Sigma V = 0; R3I1 - RxI2 = 0

Is that it?
 
  • #43
Femme_physics said:
It goes to R3

So it's

Sigma V = 0; R3I1 - RxI2 = 0

Is that it?

Yep! :smile:

(Sigh! :wink:)
 
  • #44
So now I have the correct 5 equations if I just replace the last correction with the 5th equation?

First, there are too many unknowns. To get the currents I0, I1, and I2, I need to know one more current or voltage. All the non-zero currents will scale with the voltage source.

You may solve for the resistance R, though.

Solving for Rx is simple and shouldn't involve current loops. The voltages on either side of the ammeter are the same, because the ammeter is close to a short circuit anyway, and because it's drawing no current. This means the voltage must divide in the same ratios in both of the two paths. So, R1/R3 = R2/Rx.

This is known as a balanced Wheatstone bridge.

Well, I'm not sure how to get to it yet. Step by step :)
 
  • #45
I have to say, using the "ammeter" equation seems kinda made-up to me, fake or untrue. It's kinda weird to use a loop that has no current flowing through parts of it. It's as though I've "made up" a loop and really am just looking at 2 arms of this loop. Can I make up loops like that anywhere, or only when I have an ammeter?Also, still looking for confirmation please

So now I have the correct 5 equations if I just replace the last correction with the 5th equation?
 
  • #46
Wow! Five equations for such an innocent looking circuit.

It might of of interest to note that for a complete solution to a given circuit, it is sufficient to have a set of loops where each component of the circuit belongs to at least one loop.

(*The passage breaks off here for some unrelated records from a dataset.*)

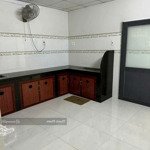 Cho thuê nhà cấp 4 2pn 2wc. 88m2 ngamg 4m. 10tr/ th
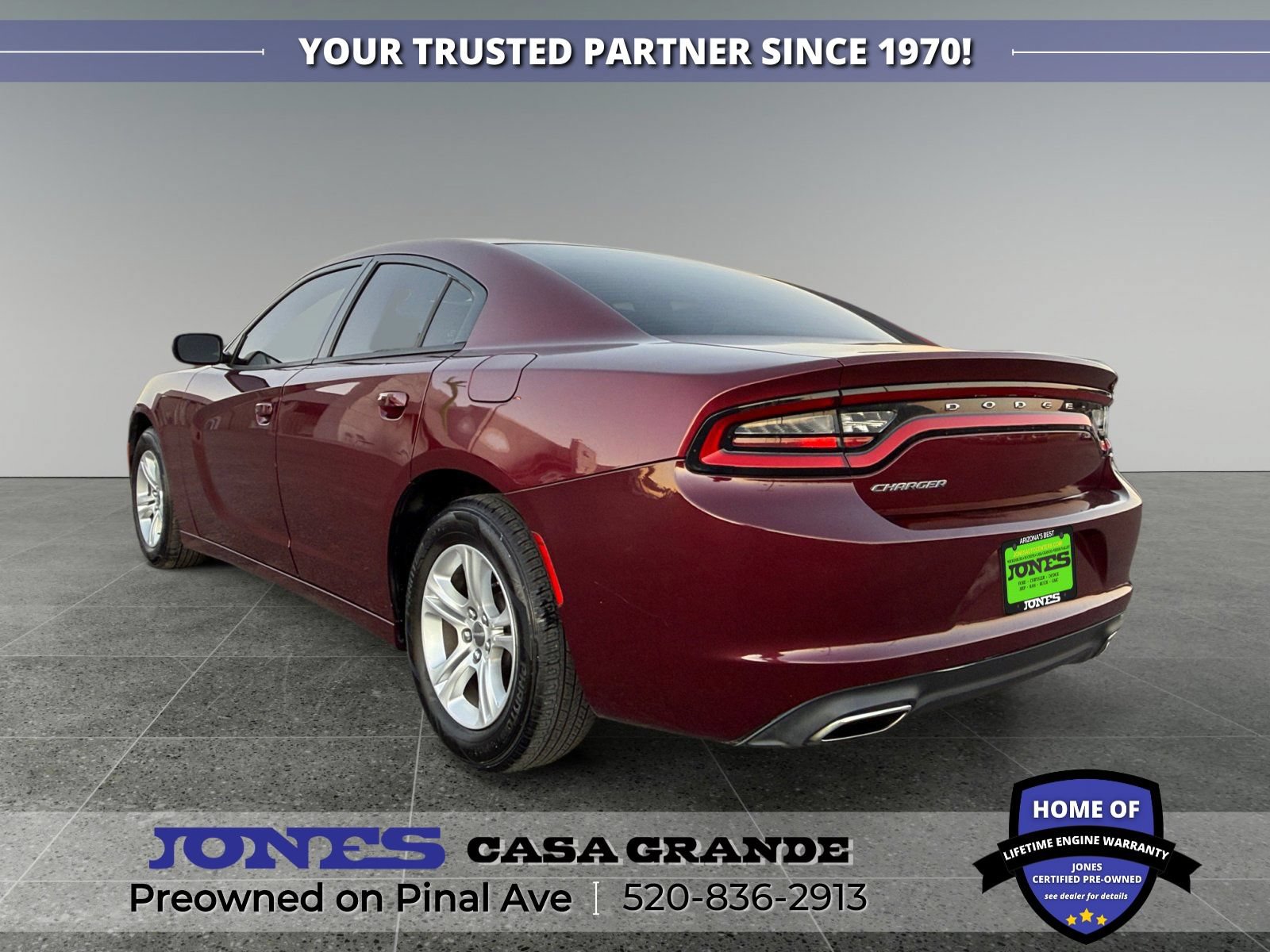 Used 2017 Dodge Charger SE RWD image 3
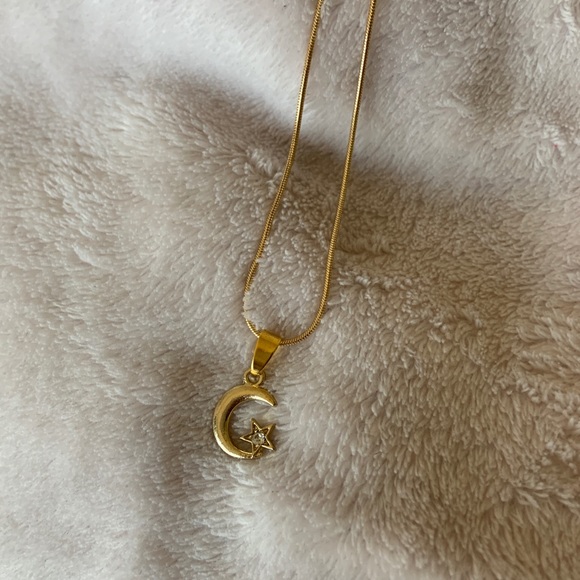 NEW! gold plated moon stars necklace ππ« - Picture 4 of 6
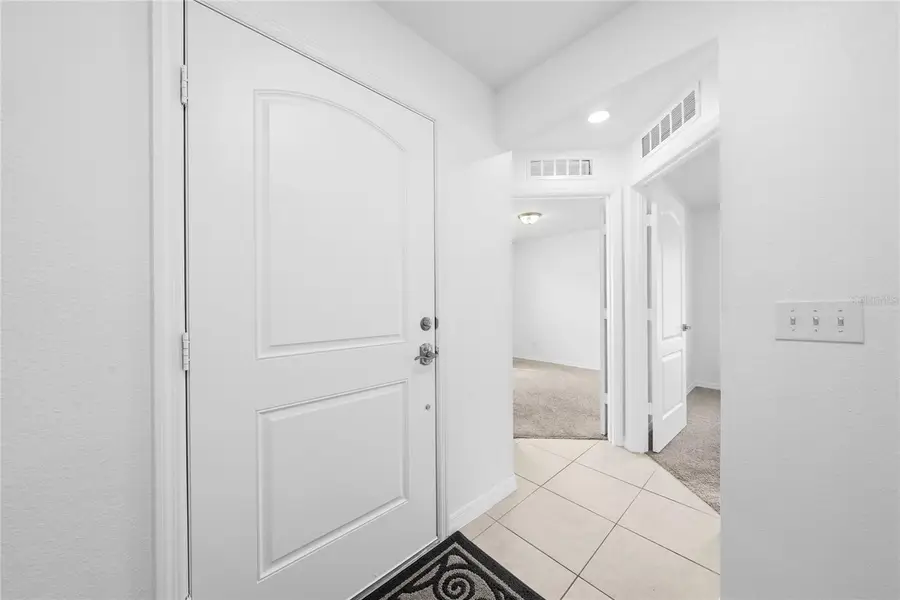 1892 Amber Sweet Circle, Dundee, FL 33838 - #3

For this circuit, three loops (and thus three equations) suffice to completely solve the circuit for any given values of the its components. And in indeed, there are particular conditions imposed upon this example that allow you to eliminate one of the loops entirely, leaving just two loops and thus two equations and two unknowns to worry about. I refer, of course, to the fact that the problem specifies that the current in the ammeter loop is zero. It is also the case that the only voltage source in the circuit belongs to both remaining loops, the remainders of which consist of two resistors in series. So you end up with two equations that don't even need to be solved simultaneously!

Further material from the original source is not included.